### DIRECTIONS:
Give the entries back exactly as they stand, but without pictures.

### THE DATA:
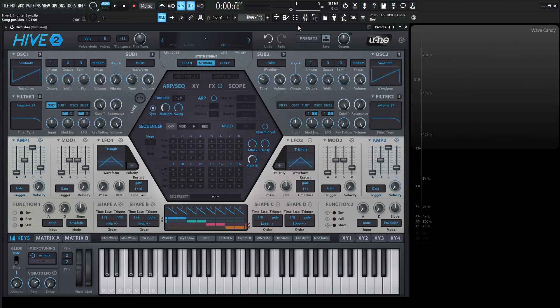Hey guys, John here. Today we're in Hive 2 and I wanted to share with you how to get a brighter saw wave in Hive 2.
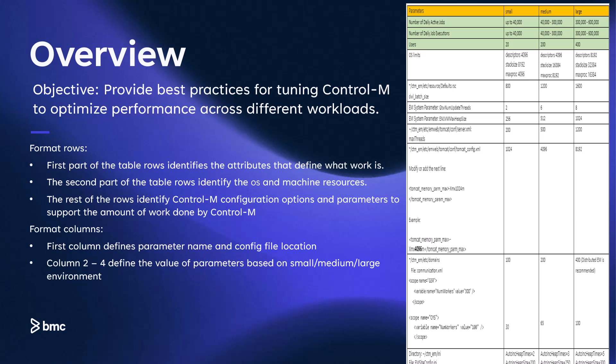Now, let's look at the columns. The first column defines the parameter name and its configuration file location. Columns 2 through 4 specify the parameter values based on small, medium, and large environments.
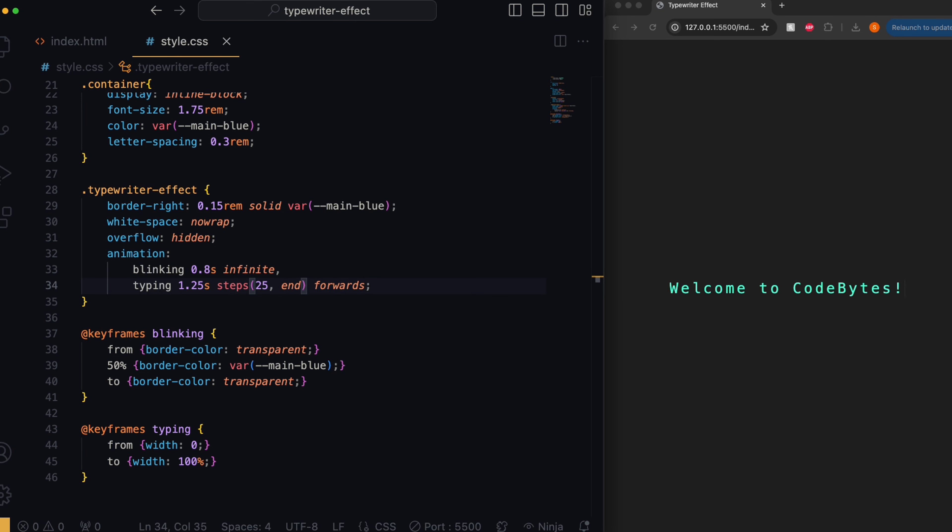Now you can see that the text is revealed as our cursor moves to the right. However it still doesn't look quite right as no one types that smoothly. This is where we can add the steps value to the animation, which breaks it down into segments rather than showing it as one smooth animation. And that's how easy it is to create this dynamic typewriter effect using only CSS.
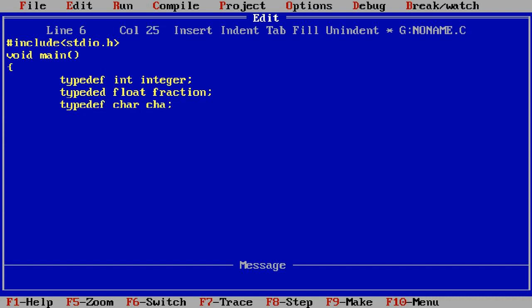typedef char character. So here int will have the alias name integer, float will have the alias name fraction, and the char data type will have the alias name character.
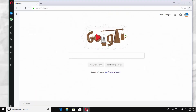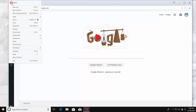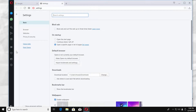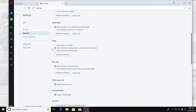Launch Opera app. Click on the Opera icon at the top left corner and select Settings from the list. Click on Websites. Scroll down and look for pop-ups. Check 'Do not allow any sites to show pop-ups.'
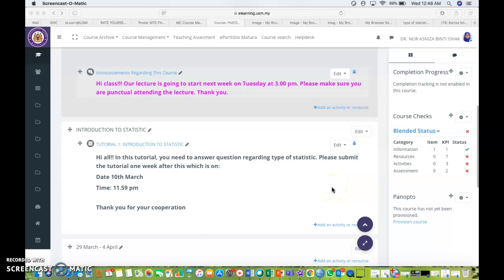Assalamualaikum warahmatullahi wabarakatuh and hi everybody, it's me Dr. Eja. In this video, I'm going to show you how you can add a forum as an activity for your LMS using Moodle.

### ANSWER TO THE EXERCISE:
Hey guys, John here. Today we're in Hive 2 and I wanted to share with you how to get a brighter saw wave in Hive 2.
Now, let's look at the columns. The first column defines the parameter name and its configuration file location. Columns 2 through 4 specify the parameter values based on small, medium, and large environments.
Now you can see that the text is revealed as our cursor moves to the right. However it still doesn't look quite right as no one types that smoothly. This is where we can add the steps value to the animation, which breaks it down into segments rather than showing it as one smooth animation. And that's how easy it is to create this dynamic typewriter effect using only CSS.
typedef char character. So here int will have the alias name integer, float will have the alias name fraction, and the char data type will have the alias name character.
Launch Opera app. Click on the Opera icon at the top left corner and select Settings from the list. Click on Websites. Scroll down and look for pop-ups. Check 'Do not allow any sites to show pop-ups.'
Assalamualaikum warahmatullahi wabarakatuh and hi everybody, it's me Dr. Eja. In this video, I'm going to show you how you can add a forum as an activity for your LMS using Moodle.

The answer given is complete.